Свободных отпустили на вечер в железнодорожный клуб. Он был набит битком, в проходах и возле сцены сидели прямо на полу. Пахло махоркой, потом, грязным бельем. От неожиданного тепла слипались глаза, многие засыпали. Девушки из местной самодеятельности с наивным и глуповатым пафосом читали стихи Гусева и Лебедева-Кумача. Эвакуированный артист, по виду тапер из московского или ленинградского кинотеатра, на расстроенном пианино играл Брамса и Дунаевского. Дядя Митя еще никогда не видел, чтобы зал, переполненный как трамвай «Аннушка», был так безучастен и равнодушен ко всему, что происходит на сцене. Он мог ждать чего угодно: гогота, реплик, простодушной похабщины, но это равнодушие пугало. Оно говорило о страшной усталости и неизбывной тоске, которую не в силах даже на минуту рассеять этот концерт, хоть и дурацкий и все же напоминающий о нормальной мирной жизни. Дядя Митя не принимал никаких решений, его решение само родилось в нем и подкатило к сердцу, как дурнота несколько часов тому назад. Он встал и, окончательно не осознавая своего поступка, стал пробираться к сцене. Было невозможно не наступить на чью-либо ногу или хотя бы полу шинели, всякий раз дядя морщился при этом, как от боли, и все время извинялся — направо и налево. Никто не понимал, чего он хочет и куда стремится, и потому дядю негромко материли и один раз даже съездили по спине. Он не обиделся. Он давно понял, что в его профессии обижаться можно только на самого себя. Публика никогда не виновата.

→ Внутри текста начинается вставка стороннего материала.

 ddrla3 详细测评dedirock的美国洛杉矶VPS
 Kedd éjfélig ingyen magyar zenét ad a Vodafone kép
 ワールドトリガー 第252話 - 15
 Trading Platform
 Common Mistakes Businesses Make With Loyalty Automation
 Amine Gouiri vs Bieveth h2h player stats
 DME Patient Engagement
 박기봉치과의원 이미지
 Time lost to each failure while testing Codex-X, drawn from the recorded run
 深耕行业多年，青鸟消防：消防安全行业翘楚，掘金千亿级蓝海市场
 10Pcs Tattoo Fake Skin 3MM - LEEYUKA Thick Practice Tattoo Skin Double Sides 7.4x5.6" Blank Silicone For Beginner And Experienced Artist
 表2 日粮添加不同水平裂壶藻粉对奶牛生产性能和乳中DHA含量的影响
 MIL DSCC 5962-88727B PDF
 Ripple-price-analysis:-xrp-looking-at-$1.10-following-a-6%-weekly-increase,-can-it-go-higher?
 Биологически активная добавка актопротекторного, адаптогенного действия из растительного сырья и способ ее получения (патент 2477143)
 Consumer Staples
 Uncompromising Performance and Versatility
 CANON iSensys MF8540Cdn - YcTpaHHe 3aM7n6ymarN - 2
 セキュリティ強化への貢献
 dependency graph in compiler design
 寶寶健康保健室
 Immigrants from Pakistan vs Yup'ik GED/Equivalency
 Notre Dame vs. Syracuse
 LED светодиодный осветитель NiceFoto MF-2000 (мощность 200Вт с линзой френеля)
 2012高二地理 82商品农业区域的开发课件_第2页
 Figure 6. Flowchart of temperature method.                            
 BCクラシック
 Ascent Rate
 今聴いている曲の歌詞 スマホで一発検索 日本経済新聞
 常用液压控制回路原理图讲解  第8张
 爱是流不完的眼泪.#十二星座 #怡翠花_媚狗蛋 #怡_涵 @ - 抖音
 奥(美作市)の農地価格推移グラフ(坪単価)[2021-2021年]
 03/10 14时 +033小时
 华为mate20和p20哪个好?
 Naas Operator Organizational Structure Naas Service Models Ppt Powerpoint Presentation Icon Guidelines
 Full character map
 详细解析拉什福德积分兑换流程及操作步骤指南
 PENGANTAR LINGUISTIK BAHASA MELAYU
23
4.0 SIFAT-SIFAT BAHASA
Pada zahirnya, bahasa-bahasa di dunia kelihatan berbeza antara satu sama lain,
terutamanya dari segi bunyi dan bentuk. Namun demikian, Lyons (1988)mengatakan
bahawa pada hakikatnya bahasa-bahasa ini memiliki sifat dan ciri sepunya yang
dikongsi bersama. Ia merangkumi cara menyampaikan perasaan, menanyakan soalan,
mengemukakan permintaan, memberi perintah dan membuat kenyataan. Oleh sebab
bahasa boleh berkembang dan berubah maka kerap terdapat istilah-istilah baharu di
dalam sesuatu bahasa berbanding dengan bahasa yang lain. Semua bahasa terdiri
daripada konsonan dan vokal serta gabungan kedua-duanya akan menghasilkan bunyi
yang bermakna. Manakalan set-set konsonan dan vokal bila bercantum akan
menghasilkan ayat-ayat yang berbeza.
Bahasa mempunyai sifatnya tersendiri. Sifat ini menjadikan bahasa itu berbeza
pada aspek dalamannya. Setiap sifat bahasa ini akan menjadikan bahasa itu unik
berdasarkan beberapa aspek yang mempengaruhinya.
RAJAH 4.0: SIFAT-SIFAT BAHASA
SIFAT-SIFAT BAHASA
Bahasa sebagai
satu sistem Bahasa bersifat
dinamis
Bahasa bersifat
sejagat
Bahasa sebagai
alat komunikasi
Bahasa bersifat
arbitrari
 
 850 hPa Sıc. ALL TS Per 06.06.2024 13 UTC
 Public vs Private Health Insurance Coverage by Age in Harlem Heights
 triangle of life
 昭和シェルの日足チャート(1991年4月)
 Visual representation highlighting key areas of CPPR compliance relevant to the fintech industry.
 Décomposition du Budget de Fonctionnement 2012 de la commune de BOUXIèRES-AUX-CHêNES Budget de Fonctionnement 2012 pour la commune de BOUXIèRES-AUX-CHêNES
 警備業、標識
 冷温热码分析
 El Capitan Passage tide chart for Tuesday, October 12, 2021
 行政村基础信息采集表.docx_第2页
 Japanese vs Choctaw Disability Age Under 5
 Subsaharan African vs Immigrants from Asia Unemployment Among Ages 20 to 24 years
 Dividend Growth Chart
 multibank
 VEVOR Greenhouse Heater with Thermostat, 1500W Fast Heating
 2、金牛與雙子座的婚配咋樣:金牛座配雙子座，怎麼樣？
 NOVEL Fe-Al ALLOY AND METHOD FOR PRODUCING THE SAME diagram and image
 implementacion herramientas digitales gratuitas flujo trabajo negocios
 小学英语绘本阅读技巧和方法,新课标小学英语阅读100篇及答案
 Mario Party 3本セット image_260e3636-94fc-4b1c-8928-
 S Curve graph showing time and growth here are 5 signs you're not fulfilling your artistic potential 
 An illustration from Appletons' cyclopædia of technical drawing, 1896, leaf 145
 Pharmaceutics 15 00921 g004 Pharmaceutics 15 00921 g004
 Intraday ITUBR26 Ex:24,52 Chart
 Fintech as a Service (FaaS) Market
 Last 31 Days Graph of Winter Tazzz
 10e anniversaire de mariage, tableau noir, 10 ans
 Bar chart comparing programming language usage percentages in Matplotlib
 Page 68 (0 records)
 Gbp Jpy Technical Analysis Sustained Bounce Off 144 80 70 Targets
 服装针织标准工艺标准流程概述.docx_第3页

Дядя Митя вскарабкался на сцену. Ведущая — девушка в форменном платье телеграфистки и с гимназическим отложным воротником — при виде карабкающегося на сцену солдата испугалась и растерянно заморгала некрасивыми маленькими глазами. Дядя успокоил ее уверенным и ласковым прикосновением руки. Потом он повернулся лицом к залу и застыл как ни в чем не бывало почти по стойке «смирно» — только вот ноги в обмотках и корявых бутсах были поставлены немного кривовато, только руки, короткие из-за длинных рукавов шинели, были немного растопырены, только на лице застыло едва заметное (только потому что застыло) выражение неуверенности и недоумения. Да, это был прием, испытанный много раз, однако не мертвый, не превратившийся в схему или штамп, в нем отразился тот смущенный испуг обывателя перед техникой, перед всем грохотом и напором новой жизни, то ошеломление, которое дядя столько раз наблюдал на московских рынках, в переулках и во дворах. Прошло двадцать секунд, тридцать, сорок… Робкий смешок, даже несовместимый с обликом здешней публики, прозвучал в зале. Потом он сделался громче и смелее, потом послышался первый раскат хохота. И точно в тот момент, когда он стих, в ту самую минутную паузу между первым и вторым взрывом смеха, дядя произнес первую фразу:
— Вот, говорят, в Америке бани хорошие. Не знаю. Не думаю. — Он был уже спокоен. Почти спокоен. Потому что полного спокойствия — это он тоже давно понял — на сцене быть не может. Он произносил зощенковские знаменитые фразы с такой естественной простотой, словно бы они только что приходили ему на ум, и от этого, от того, что дистанция между автором и артистом была минимальная, почти каждое слово вызывало хохот. Это очень радовало дядю — он видел, как осмысленными и радостными становились лица, еще минуты две назад погруженные в тоскливое равнодушное оцепенение, он видел, как теплеют и искрятся глаза, за мгновение до этого тусклые и безразличные. И дядя сам уже не помнил о своей заплетающей ноги усталости, и про обмороки он уже забыл, и даже собственная кровь на морозном снегу виделась теперь как воспоминание давних, может быть, детских лет — он был теперь здоров, бодр и счастлив. Он чувствовал в себе неистощимые силы и готов был петь, танцевать, сыграть «Сильву» в концертном исполнении за всех персонажей сразу, включая примадонн и красоток кабаре.